Friday, April 16, 2010

“I’m sorry gentlemen…but I don’t have hundreds of thousands of Arabs among my constituents.”

EXCELLENT. MUST READ! .... In the
WaPo/ here

In his new book, “Quicksand: America’s Pursuit of Power in the Middle East,” military historian Geoffrey Wawro takes a sweeping look at U.S. engagement in the region over the past century. He discovers that today’s problems reflect a tendency to repeat old errors and to adopt doctrines that fail to adjust to realities on the ground. Here Wawro, director of the Military History Center at the University of North Texas, elaborates in an email Q&A.

What's the biggest American misstep in the Middle East in the past century?

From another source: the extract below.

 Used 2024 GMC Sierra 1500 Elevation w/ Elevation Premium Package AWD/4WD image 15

Milking the Middle East for domestic-political benefit. During the Truman administration there was a lively struggle between Secretary of State George Marshall and Secretary of Defense James Forrestal on one side and what Truman called the White House “back room boys” (Eddie Jacobson, Max Lowenthal et al) on the other. Marshall and Forrestal condemned the too rapid and eager embrace of Israel, accusing the president of making U.S. power unpopular in the broader Middle East in order to pick up votes among American Jews.

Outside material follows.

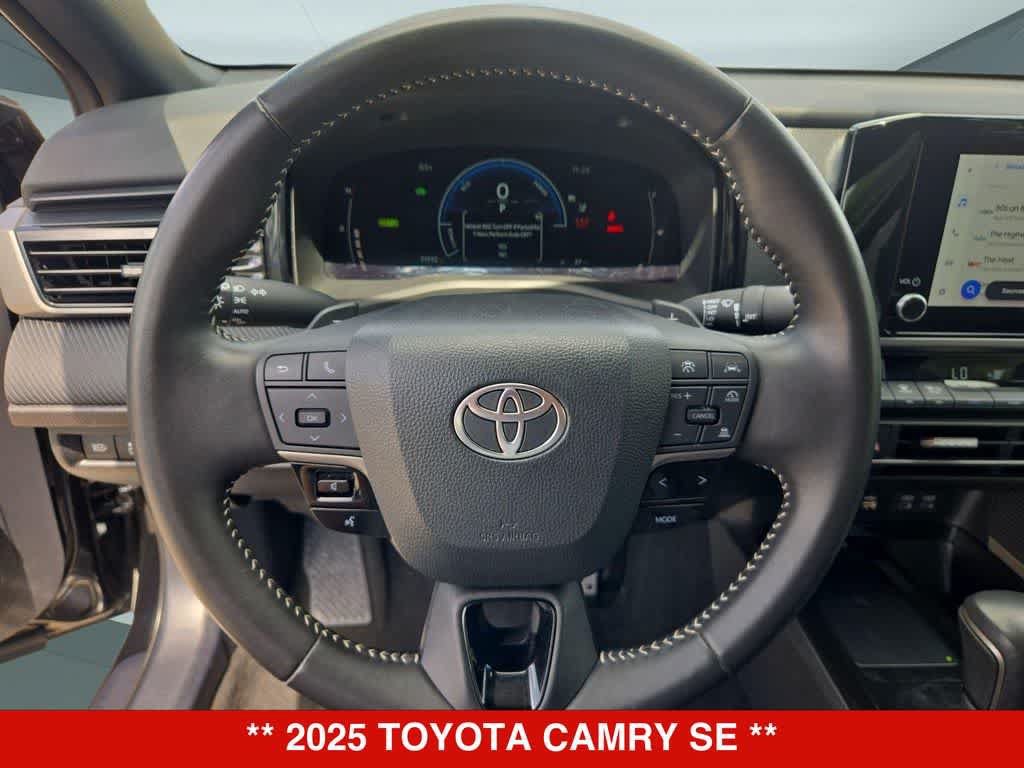 Used 2025 Toyota Camry SE FWD image 21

Truman’s reply anticipated all subsequent policy: “I’m sorry gentlemen…but I don’t have hundreds of thousands of Arabs among my constituents.

What errors does America keep repeating?

This confluence of domestic-political expediency and faux statecraft. Presidents, members of Congress, the military, oil companies and defense contractors have created a Washington consensus that has become all but immovable. The relationship with Saudi Arabia – like the one with Israel – underpins the consensus.

From the 1940s, we viewed Saudi Arabia as a promising gas pump, and as the “elephant fields” emerged from the ground, we chose to ignore and even encourage the kingdom’s unique blend of sloth, corruption, piety and viciousness. Someone in Washington authorized a secret flight of Saudi slaves (on a U.S. plane) to serve the princes attending the UN Conference in San Francisco in 1945.

Other administrations provided Saudi princes with “bejeweled Cadillacs” and “walking around money.” Superficially, this gave us access to Saudi oil, loans and markets, and it erected a Wahhabi front (like the one wielded by Reagan in Afghanistan) against the Soviets.

But the long-term consequences were revealed most shatteringly on 9/11, when the bulk of the hijackers were Saudi nationals. Their evil maestro, of course, had cut his teeth running a “services bureau” in Peshawar in the 1980s, which distributed U.S. and Saudi dollars to the very cutthroats who would attack us in 2001.

Which is worse: idealism or practicality?

Idealism. George W. Bush’s Iraq War was black comedy, built around a “forward strategy of freedom” that even Candide would have blushed at. The elections that did follow on the heels of Bush’s drive into Afghanistan and Iraq returned parties like Hamas and the Muslim Brotherhood Worse, the idealism was cankered by Bush’s zealous embrace of the Likud and its arrogant methods.

Really, few U.S. presidents have taken an idealistic line; they have been practical men, but “practical” has meant stringing U.S. strategy between the two wobbly tent poles of Israel and Saudi Arabia. “Quicksand” relates the fascinating duel in the George H.W. Bush administration between an idealist (Paul Wolfowitz) and a pragmatist (Brent Scowcroft). Scowcroft emerges as “the smartest guy in the room,” but Wolfowitz emerges with a dangerous contempt for realists.

If doctrines don't work, what does?

Flexibility, patience, international teamwork and respect for other cultures. It is not “soft bigotry” – as the neo-cons alleged – to accept that other countries govern themselves differently. There is a confusing dichotomy in our relations with the region. We extend flexibility and patience to certain regimes, and crack down brutally on others.

During the Cold War, a too-close alignment with Moscow earned our wrath. Nowadays, suspicion of terrorist support or nuclear ambitions will do the same. But none of the old Soviet satellites in the region ever posed a real risk to the United States. They could have been laughed at.

In 2003, we launched a disastrous war to remove an Iraqi dictator, who could also have been safely (and cheaply) ignored. Having toppled the only regime that checked Iranian power, we now (predictably) find ourselves eyeball-to-eyeball with Iran. The fading “confrontation state” would like nothing more than a rejuvenating confrontation with Great Satan. Our best bet there is to do just what Obama is doing: assemble a global coalition that will impose sanctions on the Iranian nuclear program. Beyond that, the Iranian people, who greeted this regime joyously three decades ago, must find their own way to get rid of it.